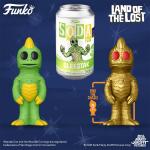 FIRST LOOK - Vinyl SODA: Land of the Lost- Sleestak w/chase
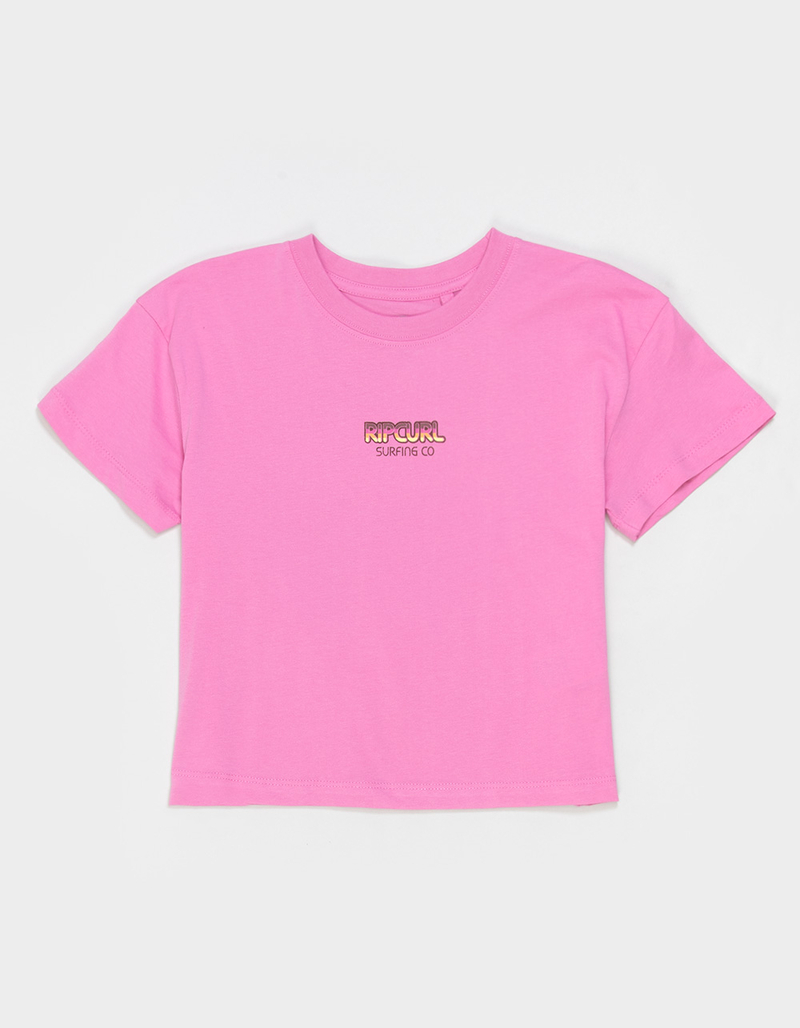 RIP CURL Sun & Sea Girls Crop Tee image number 1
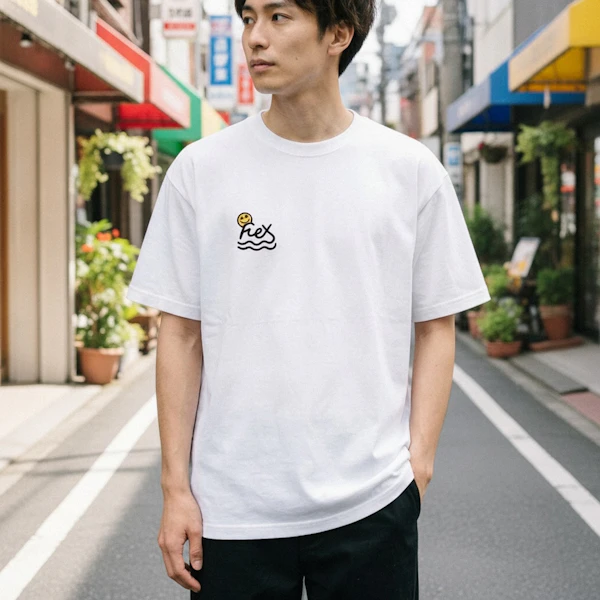 113270 Embroidery Tshirt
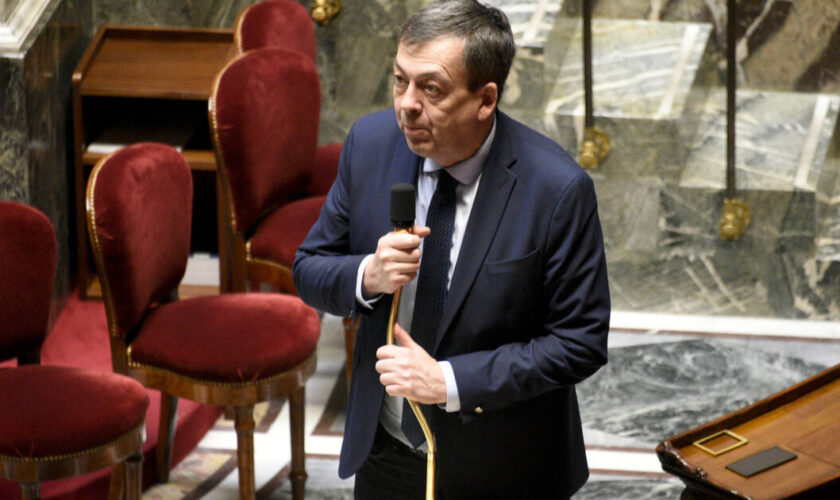 Le député MoDem Nicolas Turquois, à l’origine d’une altercation à l’Assemblée, sanctionné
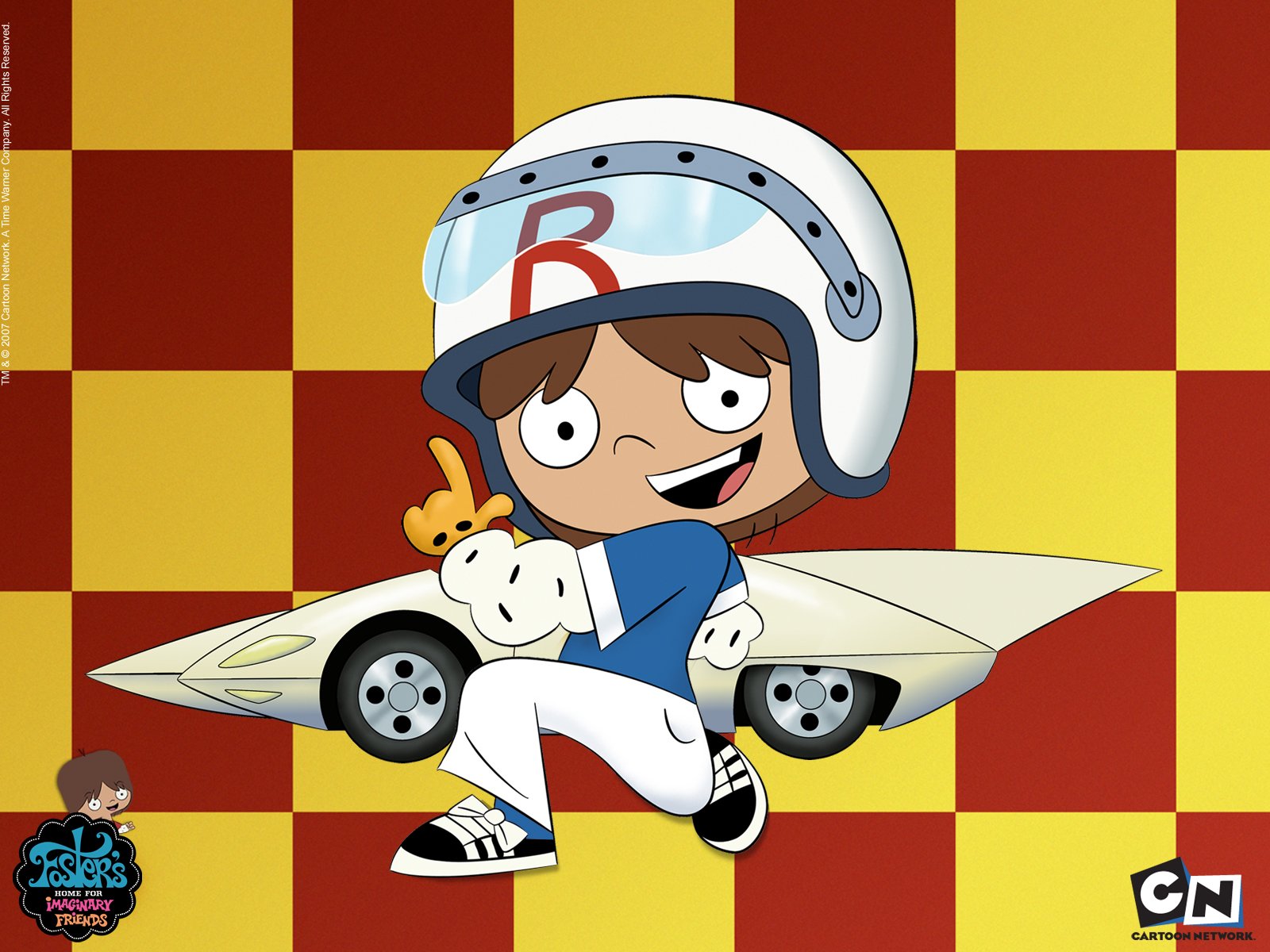 Mac (Foster's Home for Imaginary Friends) HD Wallpaper and Background Image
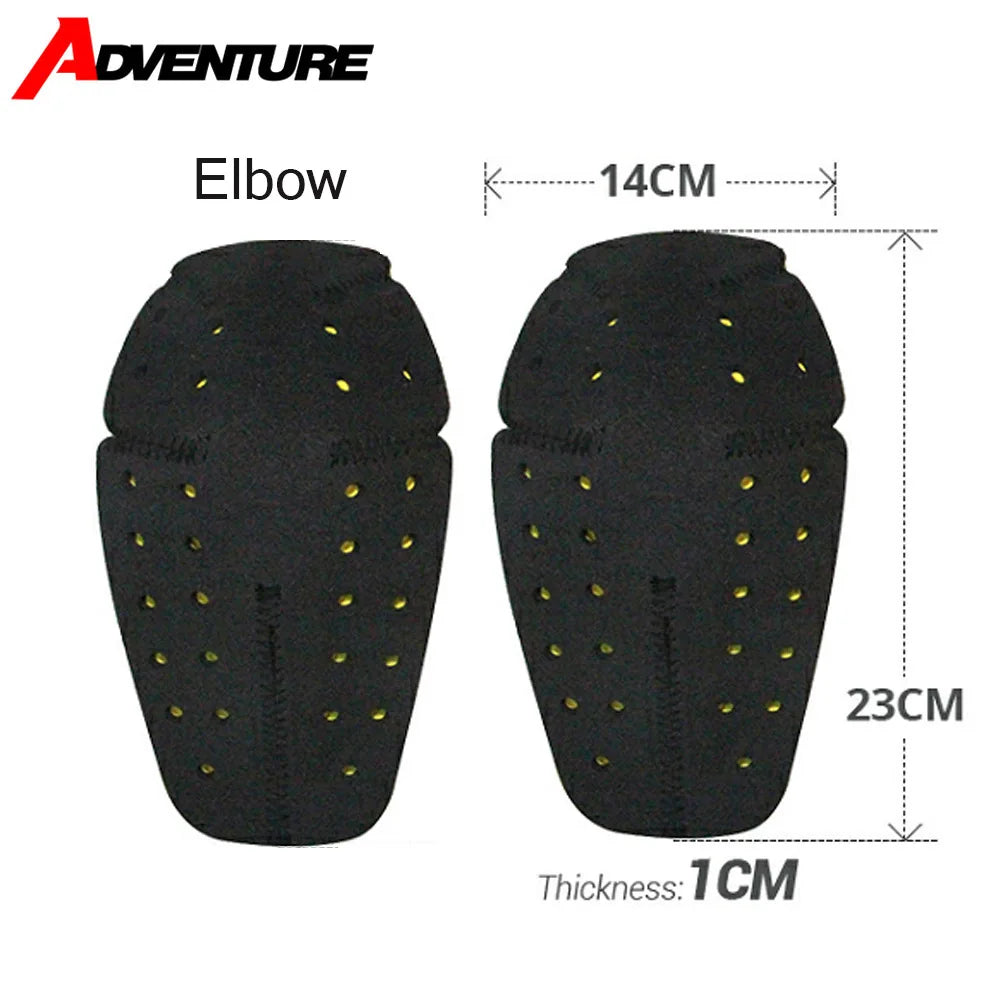 Kit de protections moto amovibles - vue - vue 9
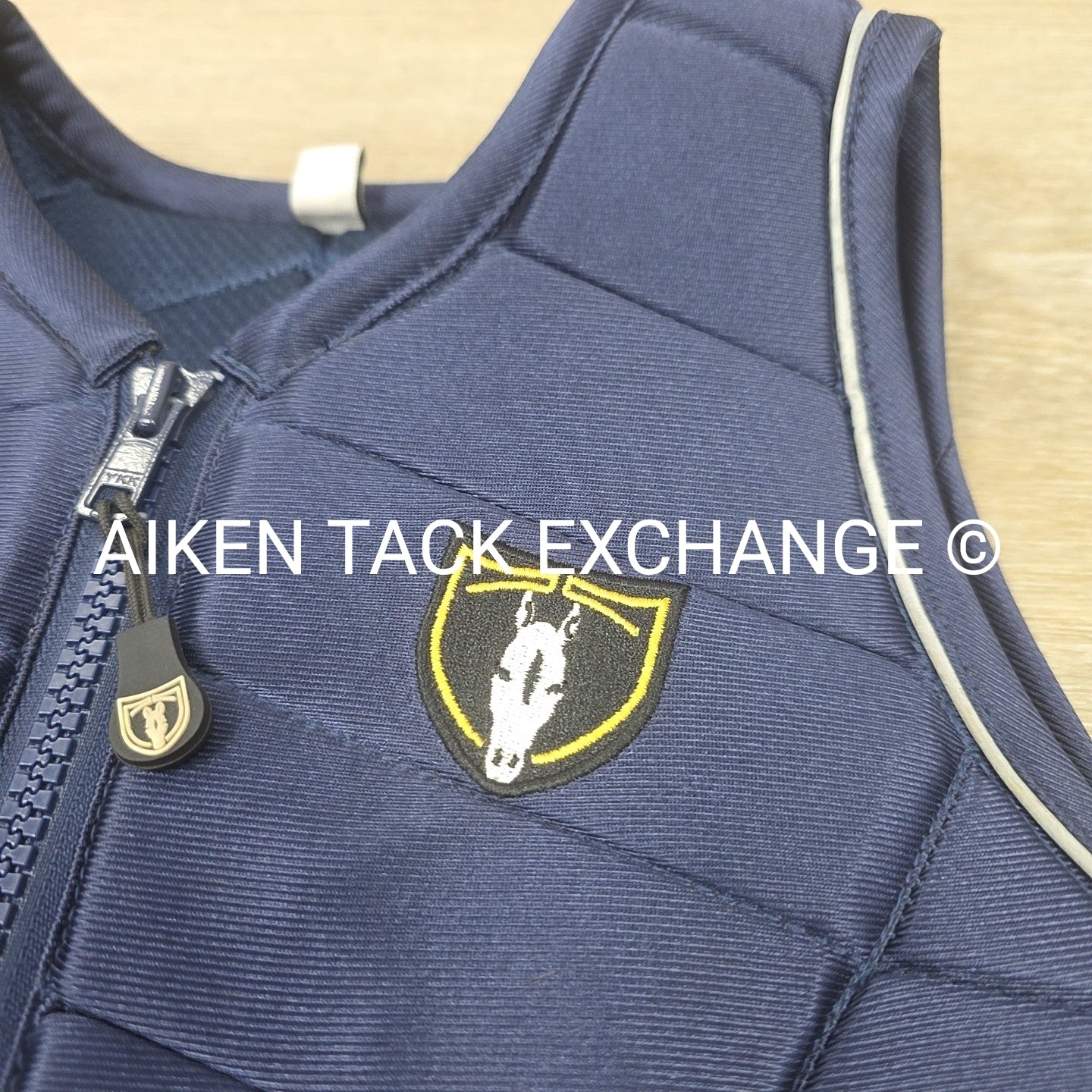 Tipperary Eventer Pro 3015 Cross Country Safety Vest, Size Youth Large (34)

-----

Task prompt:
Write down all the entries exactly, but not the pictures they hold.

Solved exercise:
 FIRST LOOK - Vinyl SODA: Land of the Lost- Sleestak w/chase
 RIP CURL Sun & Sea Girls Crop Tee image number 1
 113270 Embroidery Tshirt
 Le député MoDem Nicolas Turquois, à l’origine d’une altercation à l’Assemblée, sanctionné
 Mac (Foster's Home for Imaginary Friends) HD Wallpaper and Background Image
 Kit de protections moto amovibles - vue - vue 9
 Tipperary Eventer Pro 3015 Cross Country Safety Vest, Size Youth Large (34)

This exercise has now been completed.